November Theme Of The Month: Black Friday!

Category: Hotels & Lodging

A good hotel prides itself on providing a decent service to all its guests. But when its guests are our stupid customers, there is very little they can do to remedy the situation except pray they’re fully booked the next time they come around!

An Attack On Common Sense

| USA | Crazy Requests, Criminal/Illegal, Hotels & Lodging

(A man and his wife and a bunch of teens check in. All day, the teens are running freely outside, even when it turns dark. Our part of the city is notorious for crime, and one of the teens nearly gets attacked by a mugger. Fortunately, she is unharmed. The man approaches me.)

Man: “My daughter nearly got attacked outside! What are you going to do about it?”

Me: “What do you want me to do about it?”

Man: *throws hands up* “It’s all your fault! If you’d been watching her better–”

Me: “Sir, I am NOT a babysitter.”

Man: “You sure are! You’re responsible for all the guests here! And she’s a guest! What kind of place is this, that doesn’t care when their charges gets attacked!”

Me: “I’m just a clerk. Now, would you like me to call the police for you?”

Man: “Fine, whatever!”

(I called the police. The policeman came and told him what I wanted to: that he was responsible. Later, the man wrote on a comment card complaining about me for not babysitting his kid!)

Won’t Go Down For Downtown

| MI, USA | Hotels & Lodging, Transportation

(We occasionally get calls from hotels to arrange transportation for their guests. This happened on a Sunday evening.)

Hotel Clerk: “Hi, I was wondering if you could take a guest of mine? He wants… Where do you want to go, sir?”

(I can hear the guest in the background, very loud and rude.)

Hotel Clerk: “He wants to go downtown. How much is that?”

Me: “With us, that’s $30, one way. I can speak with him, if you’d like.”

(The clerk proceeds to hand the phone over. The customer is audibly drunk.)

Customer: “How much is it to go downtown?”

Me: “It’s $30 with our service, sir.”

Customer: “No, no, no, no, no. No. I’ll give you $20.”

Me: “Our prices are firm, sir. We are a luxury service.”

Customer: “Well, aren’t you just precious. You’re so sweet; I’m going to give you $20 for it and that’s all.”

Me: “No. We will not go below $30 for this trip, sir.”

Customer: “Who do you think you are? I can call up any cab service for less, but I’m offering to give you $20 for this.”

(At this point, the clerk grabs the phone away from his guest.)

Hotel Clerk: *clearly desperate* “So can you take him?!”

Me: “He’s drunk, isn’t he?”

Hotel Clerk: “Yes.”

Me: “I’m sorry you have to put up with him, but he’s not getting in one of my vehicles. Here’s the number to a cab service.
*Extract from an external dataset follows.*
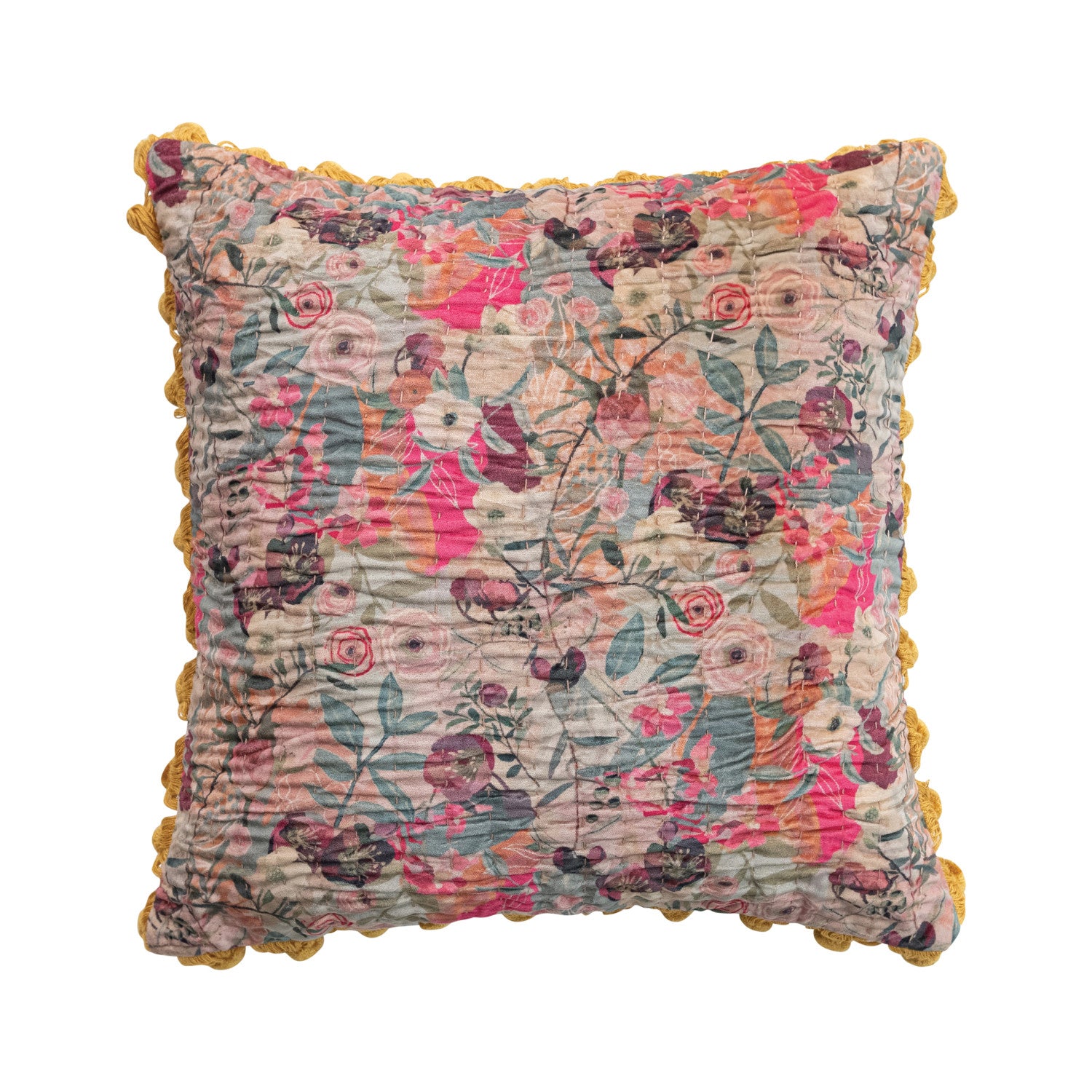 Velvet Printed Pillow w/ Hand-Embroidered Kantha Stitch, Pom Poms & Chambray Back
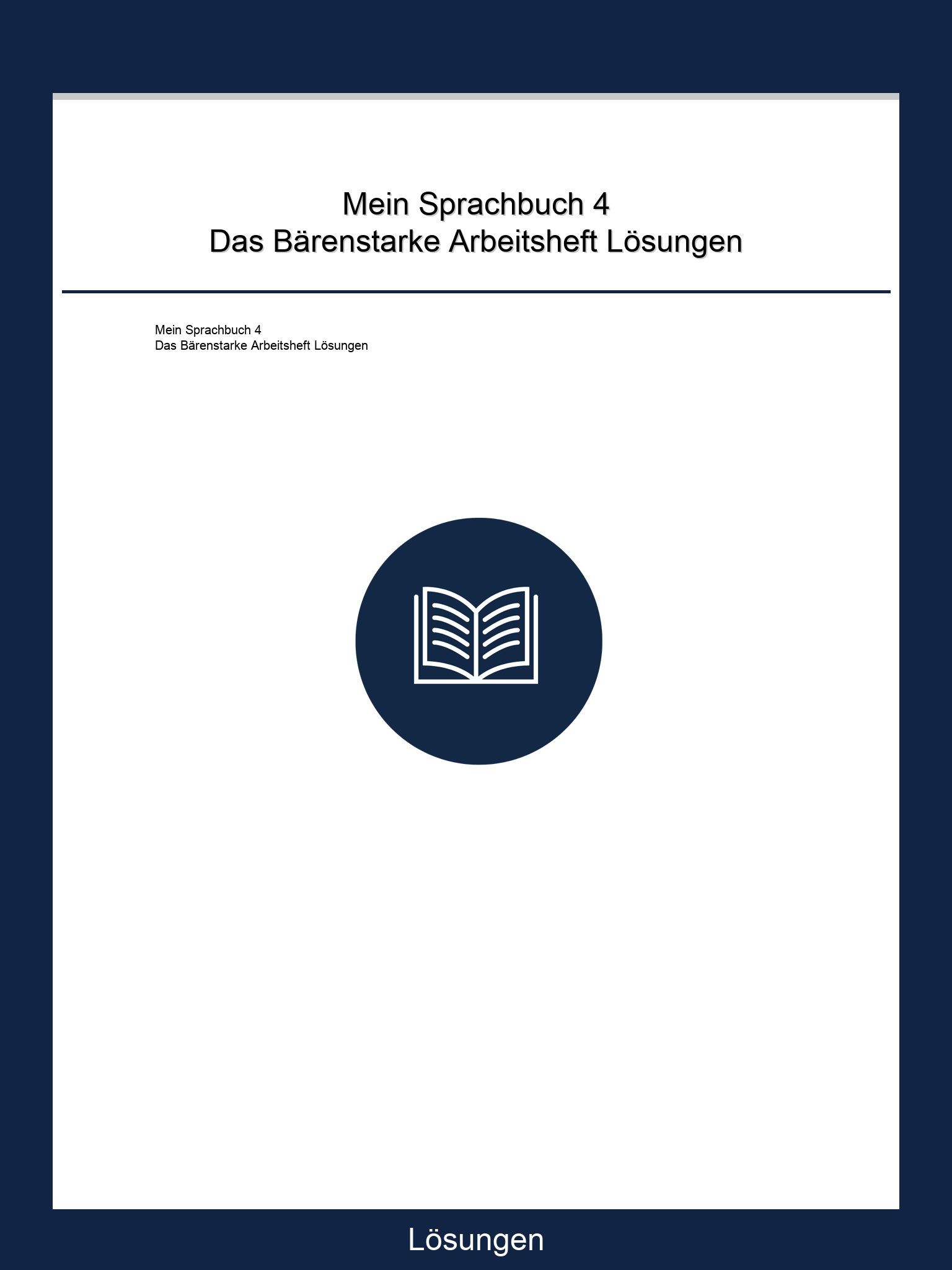 Mein Sprachbuch 4 Das Bärenstarke Arbeitsheft Lösungen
They’re going to be cheaper and they might actually put up with him. Best of luck. He cannot be easy to have right in front of you.”

Hotel Clerk: *defeated* “Okay. Thanks.”

Might Not Be A Queen But Sure Acts Like One

| Anaheim, CA, USA | Crazy Requests, Hotels & Lodging, Tourists/Travel

(An elite member comes to the front desk and asks if he can transfer to a suite, because he can’t see the TV from his bed in his king room.)

Me: “I have a suite that becomes available on Wednesday, but it has two queen size beds instead of a king.”

Guest: “Two queens?” *dramatically unzips jacket, and points to his ‘Happy Anniversary’ Disneyland pin* “Does THIS look like someone who should get a room with two queens?”

Me: “…no?”

Sub-par Subway Humor

| Washington, D.C., USA | Hotels & Lodging, Tourists/Travel, Transportation

(A man and his nervous looking wife approach.)

Man: “Hello, we’d like to get information on how to ride the subway around?”

Me: “Sure. To ride the subway you have to purchase a ticket from the machine there.”

Wife: “It’s safe around here, isn’t it?”

Me: “Of course.”

Wife: “I don’t believe it!”

Man: “Honey, it is perfectly fine.”

Me: *deciding to kid her* “Actually, you must be careful. Sometimes the subway trains will spit you out if you don’t board them fast!”

(The man starts laughing and his wife looks like she might faint.)

Me: “I’m kidding. They don’t do that!”

Wife: *not listening* “I’m going home!” *runs off*

Me: *to man* “Gee, good thing I didn’t say anything about the ticket price. Now, that’s scary.”

(He stopped laughing.)

The Language Just Flows

| France | Hotels & Lodging, Language & Words

(My aunt and her family are in a hotel in France. We’re German, and she doesn’t really speak any French or English beyond a few words, just enough to get things hilariously wrong. She finds that their bathroom is missing its toilet brush (German word for brush: Bürste.) She decides to go to the reception desk to complain, only realising that she didn’t know all the English words for what she wanted to tell them.)

Aunt: “Toilet burst! Toilet burst! TOILET BURST!”